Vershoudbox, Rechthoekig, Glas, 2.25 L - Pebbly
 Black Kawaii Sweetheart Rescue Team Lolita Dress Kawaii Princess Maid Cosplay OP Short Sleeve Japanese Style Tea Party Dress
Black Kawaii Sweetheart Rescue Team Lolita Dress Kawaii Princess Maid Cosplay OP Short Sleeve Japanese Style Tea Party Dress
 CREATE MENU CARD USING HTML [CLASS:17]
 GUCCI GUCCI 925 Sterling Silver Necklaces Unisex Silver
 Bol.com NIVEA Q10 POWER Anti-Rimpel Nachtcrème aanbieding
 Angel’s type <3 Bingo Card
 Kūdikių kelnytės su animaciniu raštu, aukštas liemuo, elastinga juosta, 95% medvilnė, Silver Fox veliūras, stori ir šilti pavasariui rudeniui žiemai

####################

Problem to solve: Everything from the line holding "CREATE MENU CARD USING HTML [CLASS:17]" through the last line of the entries should be retyped exactly, with no other lines.

Problem solution:
 CREATE MENU CARD USING HTML [CLASS:17]
 GUCCI GUCCI 925 Sterling Silver Necklaces Unisex Silver
 Bol.com NIVEA Q10 POWER Anti-Rimpel Nachtcrème aanbieding
 Angel’s type <3 Bingo Card
 Kūdikių kelnytės su animaciniu raštu, aukštas liemuo, elastinga juosta, 95% medvilnė, Silver Fox veliūras, stori ir šilti pavasariui rudeniui žiemai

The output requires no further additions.